▶ **Data excerpts**
"""
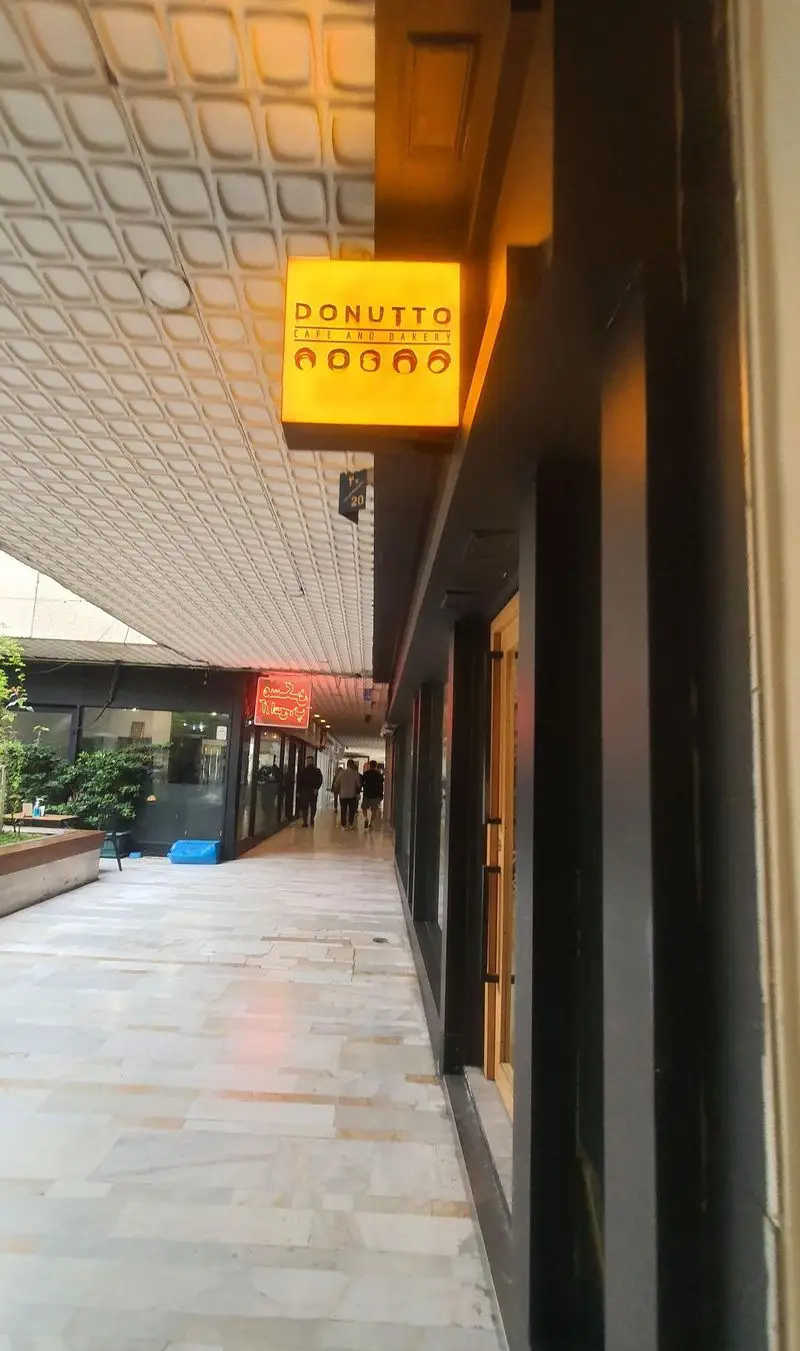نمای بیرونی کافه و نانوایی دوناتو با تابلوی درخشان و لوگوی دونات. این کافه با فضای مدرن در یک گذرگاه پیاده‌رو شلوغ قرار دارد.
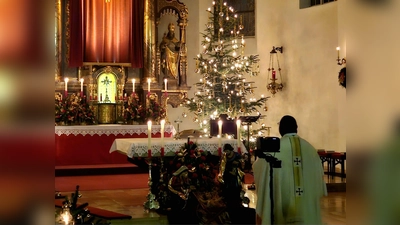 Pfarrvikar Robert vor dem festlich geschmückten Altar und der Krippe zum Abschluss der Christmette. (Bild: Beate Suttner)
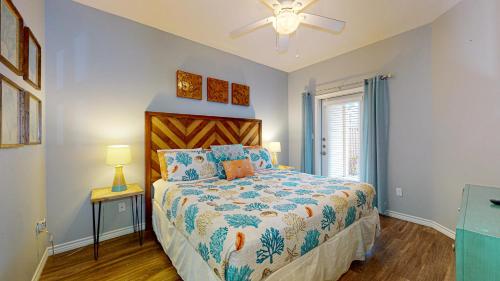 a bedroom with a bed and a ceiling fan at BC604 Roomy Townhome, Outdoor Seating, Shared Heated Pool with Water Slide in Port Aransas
"""
"""
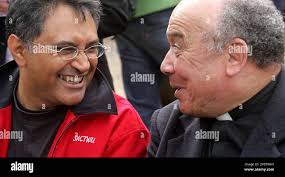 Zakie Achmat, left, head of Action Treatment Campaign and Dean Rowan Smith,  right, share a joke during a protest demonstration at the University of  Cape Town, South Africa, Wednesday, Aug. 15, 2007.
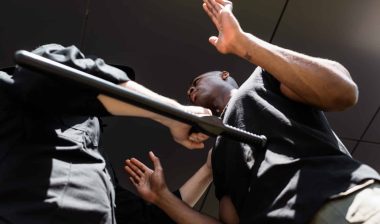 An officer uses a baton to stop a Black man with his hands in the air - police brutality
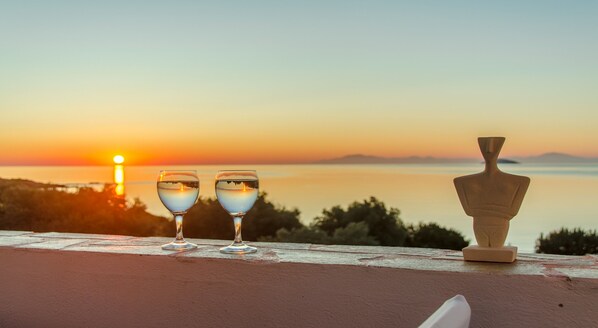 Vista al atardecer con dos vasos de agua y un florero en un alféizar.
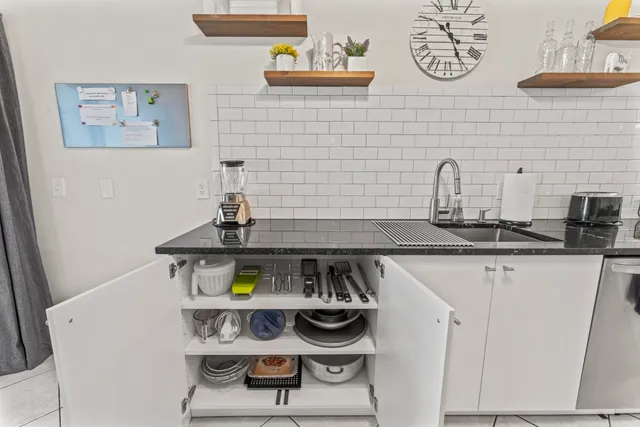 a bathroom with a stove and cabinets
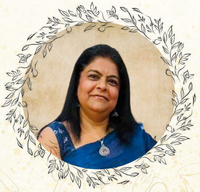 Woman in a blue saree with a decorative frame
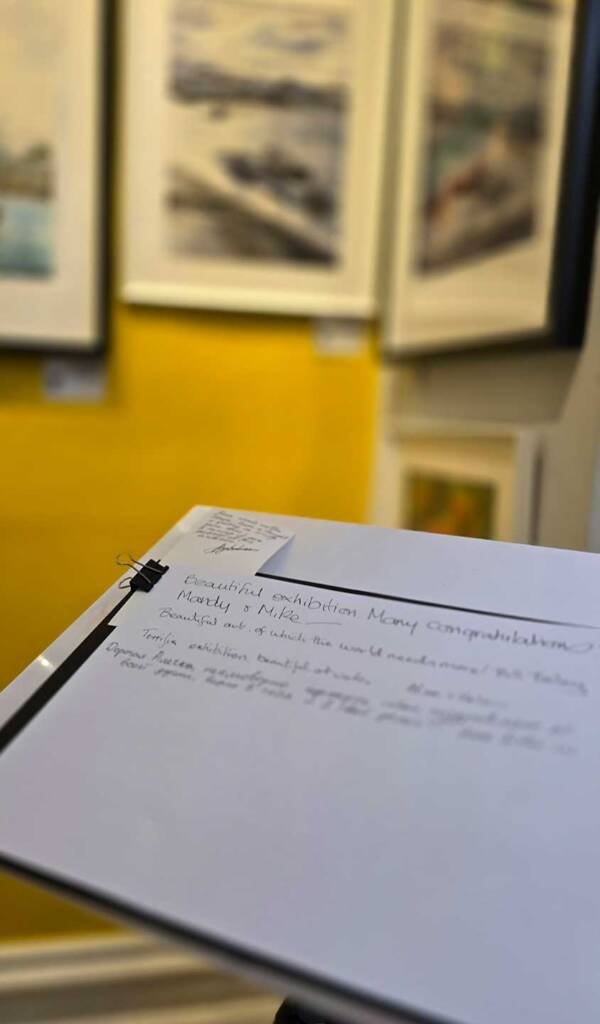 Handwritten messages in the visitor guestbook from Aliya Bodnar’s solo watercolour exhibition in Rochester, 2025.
"""
▶ **What to produce**
In the entries above, which lines run from the one with "An officer uses" up to and including the one with "Handwritten messages in"? Write them out exactly, without the pictures.

▶ **Output for this exercise**
 An officer uses a baton to stop a Black man with his hands in the air - police brutality
 Vista al atardecer con dos vasos de agua y un florero en un alféizar.
 a bathroom with a stove and cabinets
 Woman in a blue saree with a decorative frame
 Handwritten messages in the visitor guestbook from Aliya Bodnar’s solo watercolour exhibition in Rochester, 2025.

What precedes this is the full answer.